ACTIVITY
Restate word for word all of the lines below, with each image left out.

DATA BLOCK

------------------------------

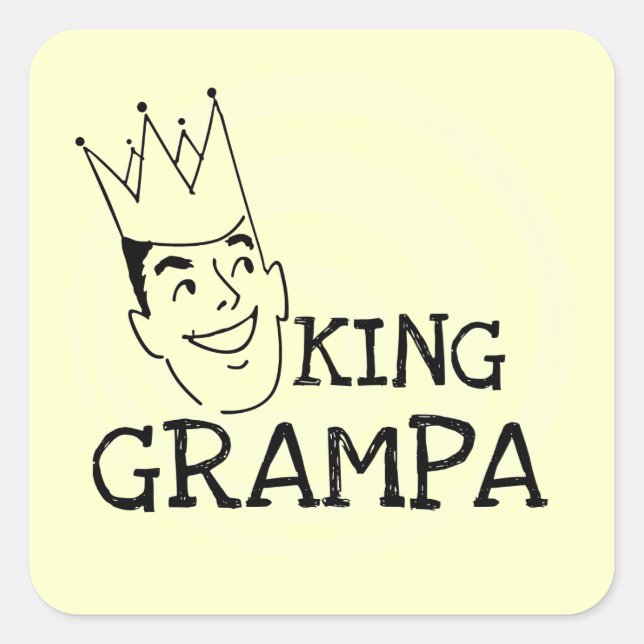 King Grampa T-shirts and Gifts Square Sticker (Front)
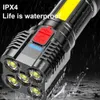 5Led For Home Use, Portable, Multifunctional Cob Side Lights, USB Charging, Mini High Light Flashlight 186658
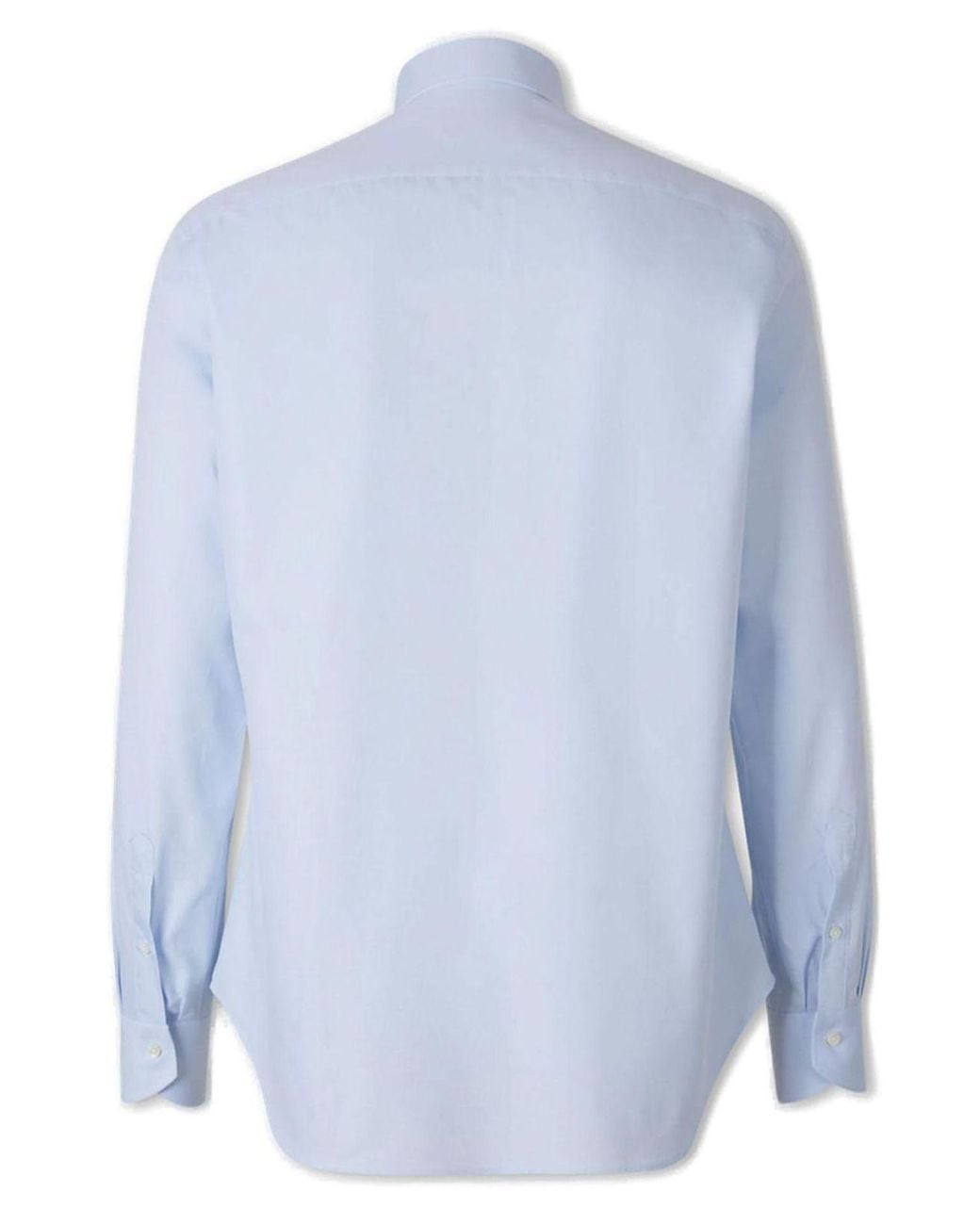 Canali Blue Long Sleeved Plain Shirt for men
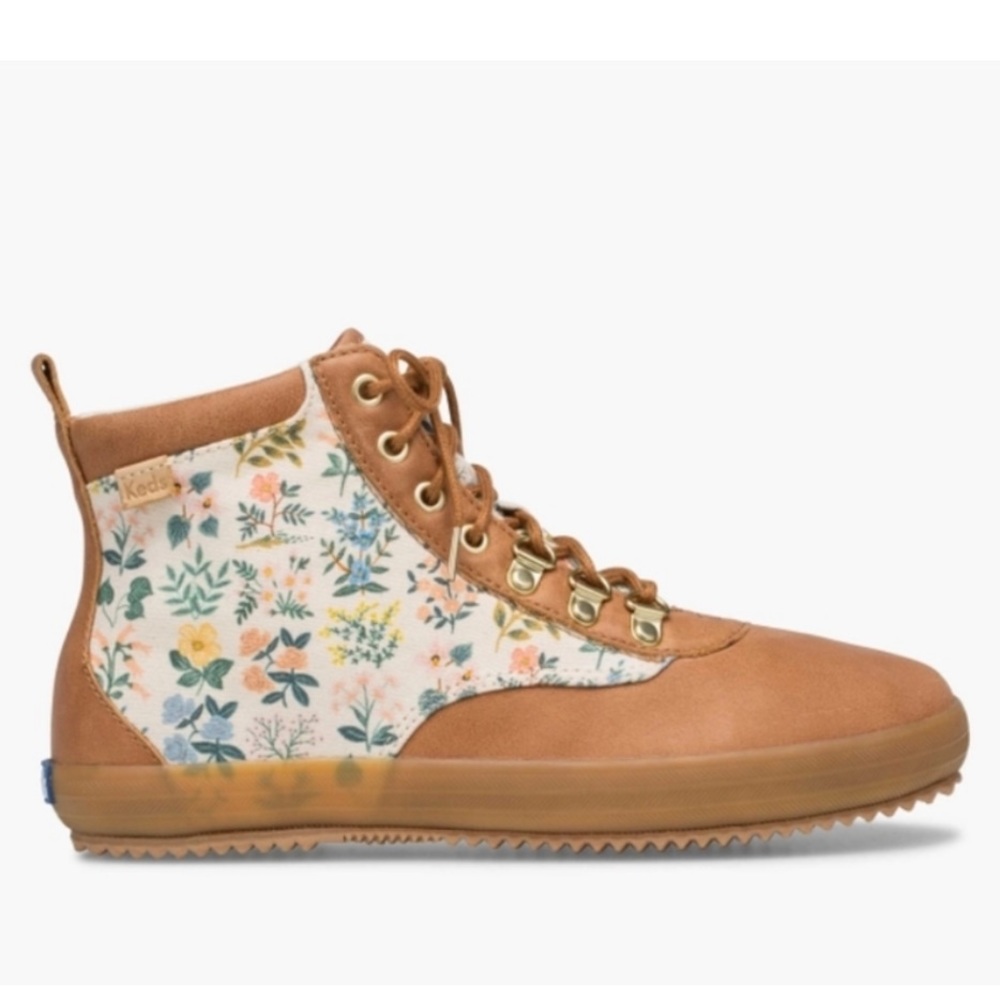 Rifle Paper Co. x Keds Tan Leather Wildflower Scout Boot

------------------------------

TASK RESULT
 King Grampa T-shirts and Gifts Square Sticker (Front)
 5Led For Home Use, Portable, Multifunctional Cob Side Lights, USB Charging, Mini High Light Flashlight 186658
 Canali Blue Long Sleeved Plain Shirt for men
 Rifle Paper Co. x Keds Tan Leather Wildflower Scout Boot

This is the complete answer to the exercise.